TO DO:
The lines to extract begin at the line that contains "A black laptop" and run through the last line of the listing; reproduce them exactly, minus any pictures.

INFORMATION PROVIDED:
■ ■ ■

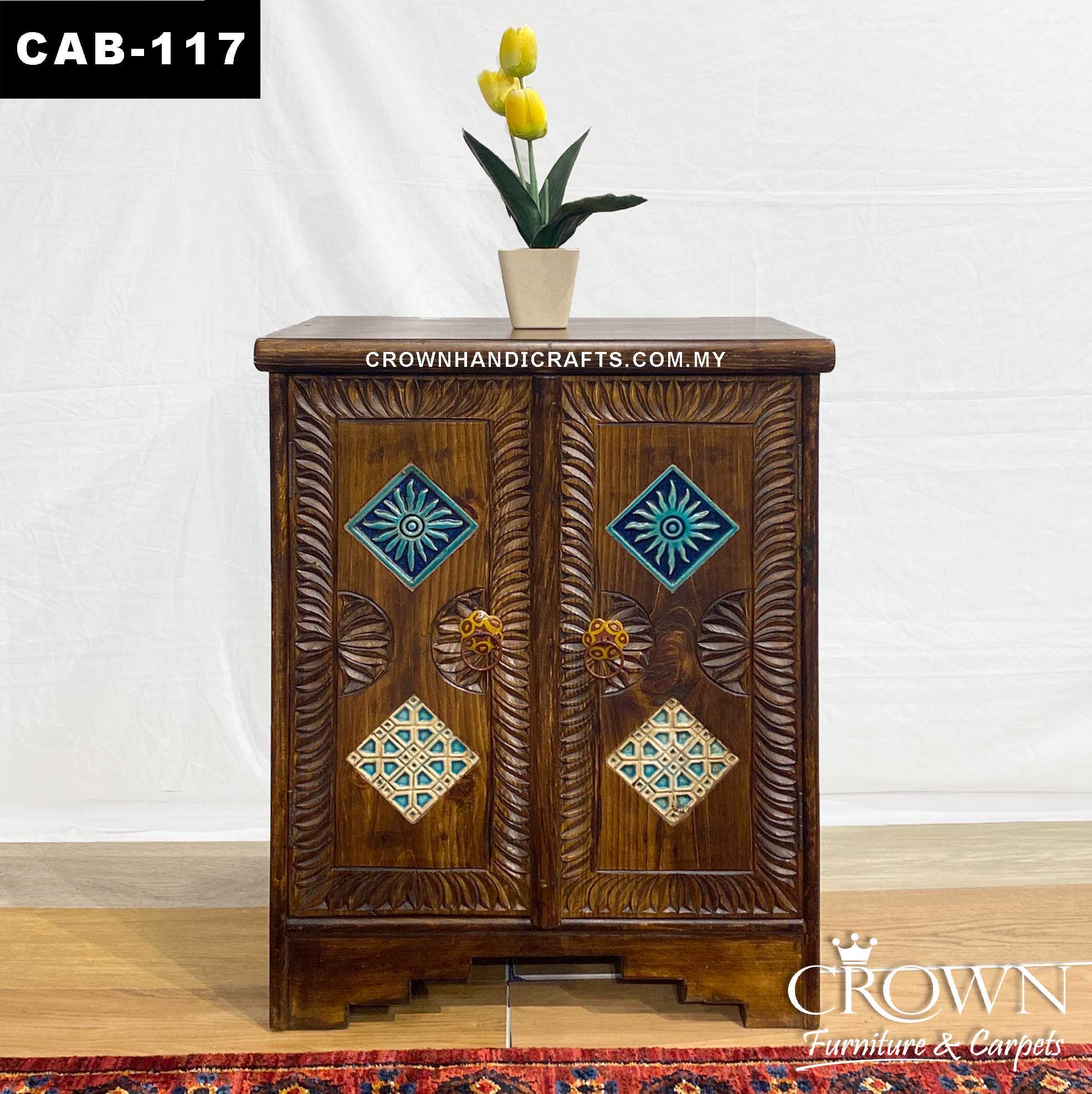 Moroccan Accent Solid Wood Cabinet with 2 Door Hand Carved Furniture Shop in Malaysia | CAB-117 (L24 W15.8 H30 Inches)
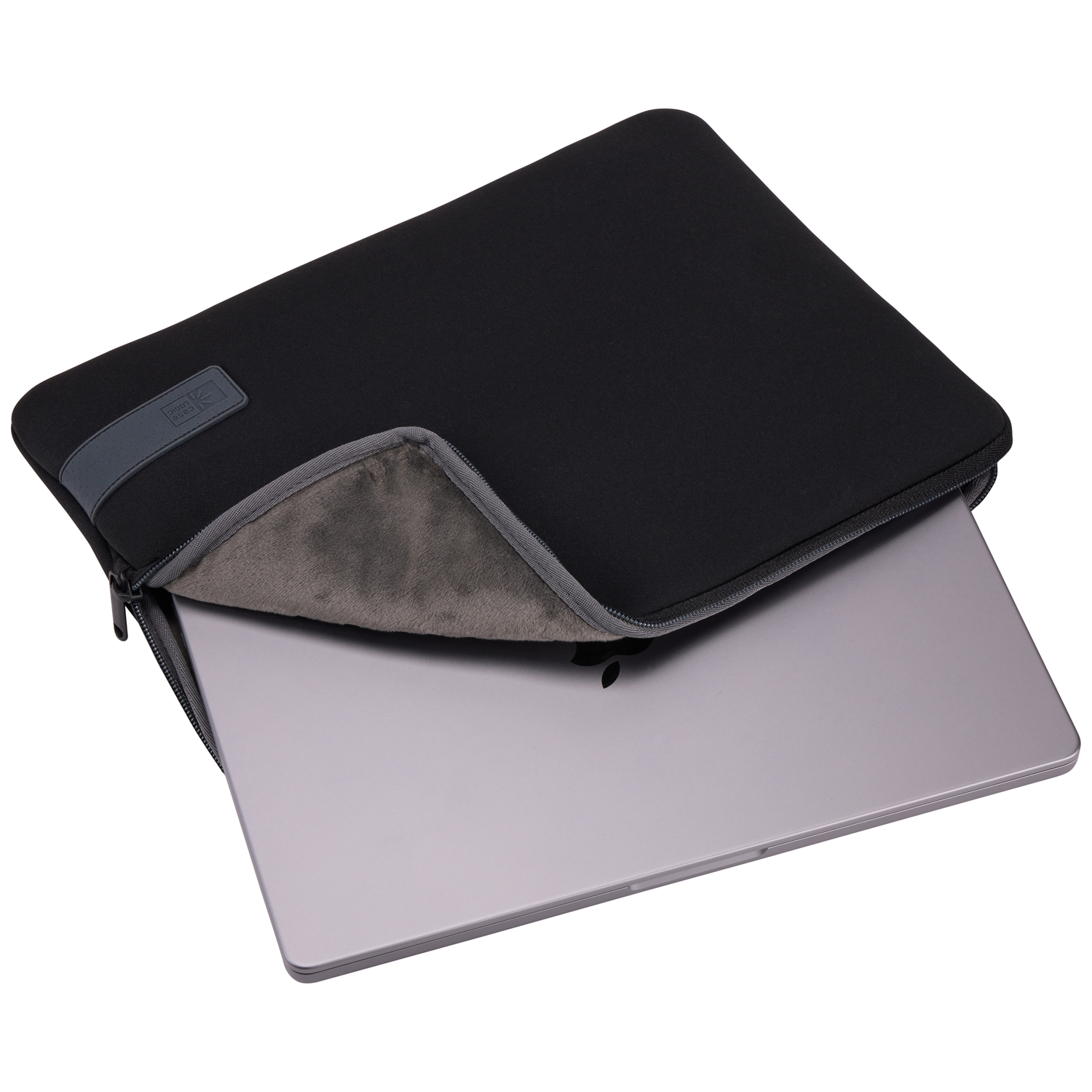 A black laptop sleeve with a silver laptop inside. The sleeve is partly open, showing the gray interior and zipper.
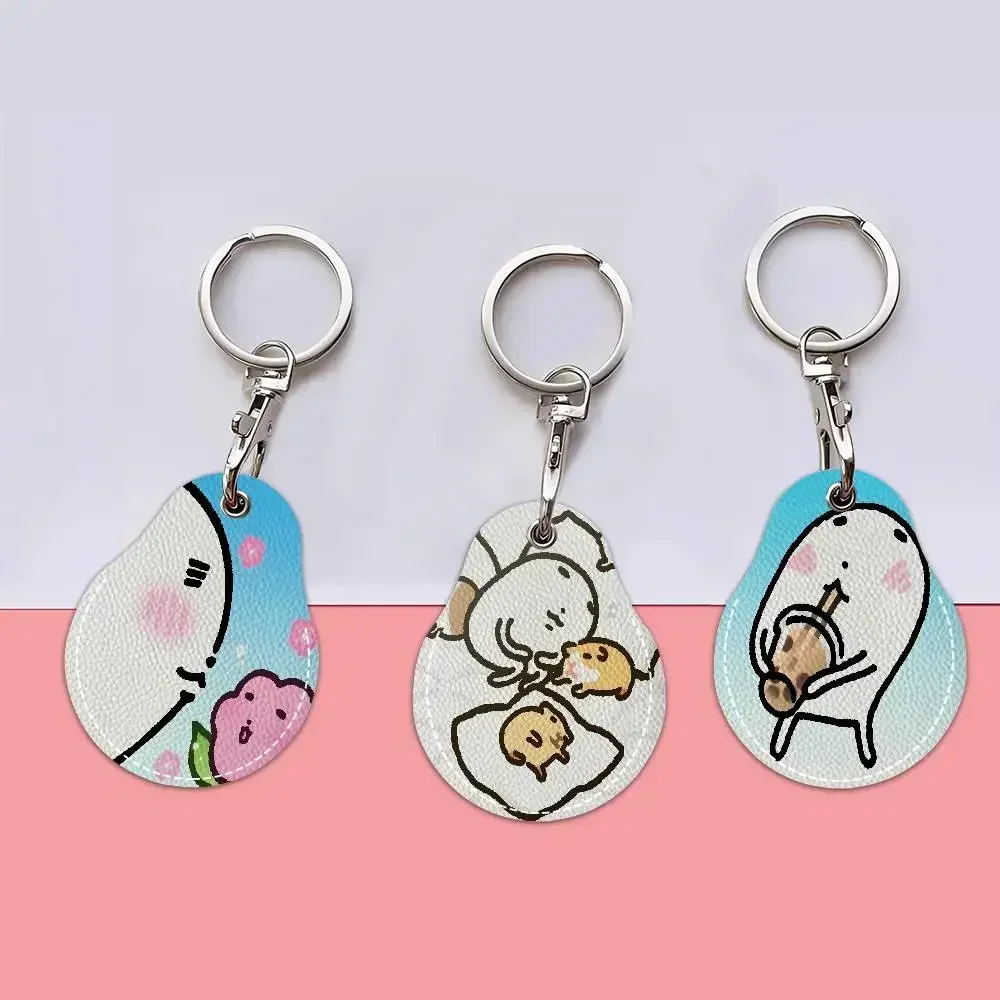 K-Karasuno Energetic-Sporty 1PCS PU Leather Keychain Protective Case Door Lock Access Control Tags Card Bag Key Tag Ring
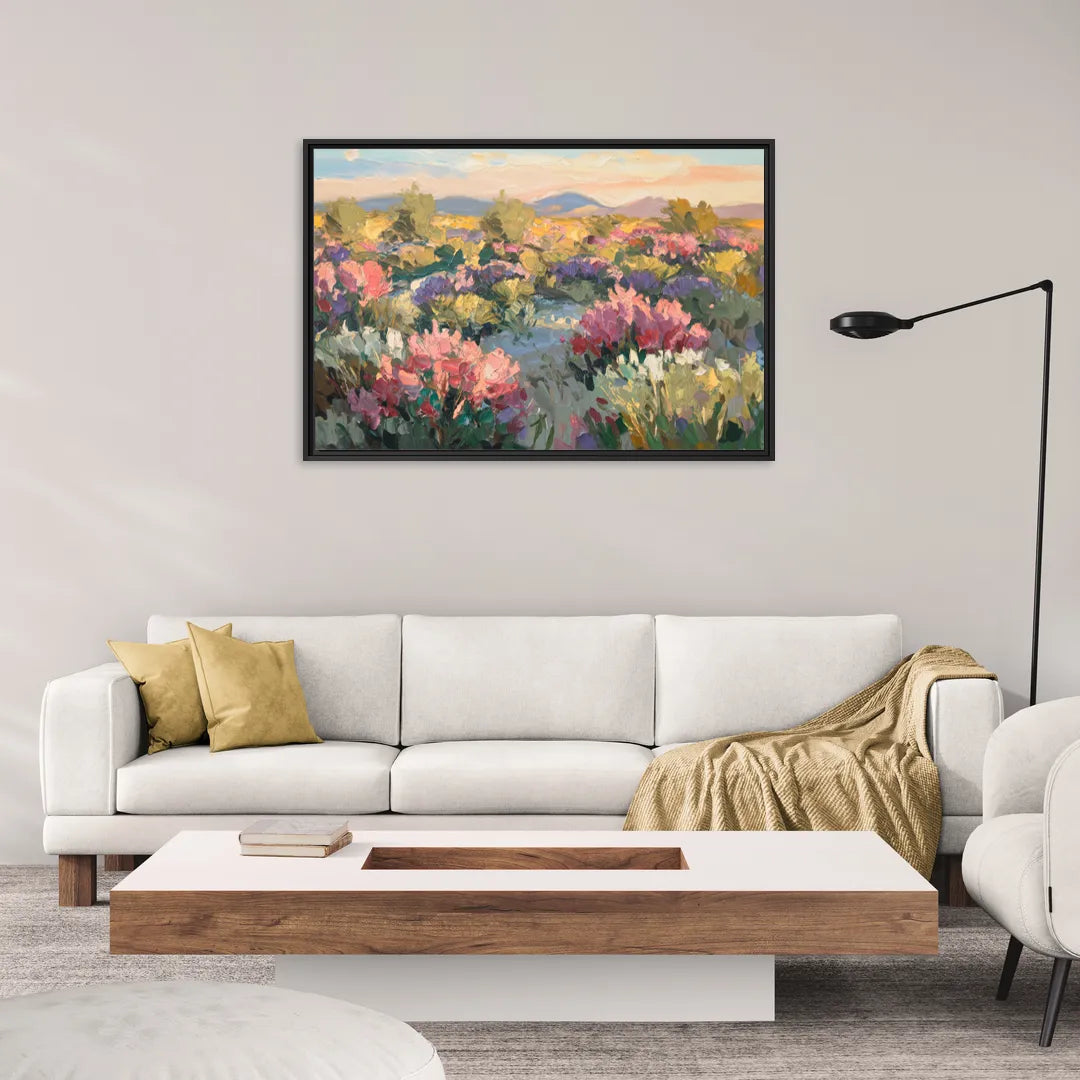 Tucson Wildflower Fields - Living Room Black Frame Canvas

■ ■ ■

OUTPUT FOR THIS TASK:
 A black laptop sleeve with a silver laptop inside. The sleeve is partly open, showing the gray interior and zipper.
 K-Karasuno Energetic-Sporty 1PCS PU Leather Keychain Protective Case Door Lock Access Control Tags Card Bag Key Tag Ring
 Tucson Wildflower Fields - Living Room Black Frame Canvas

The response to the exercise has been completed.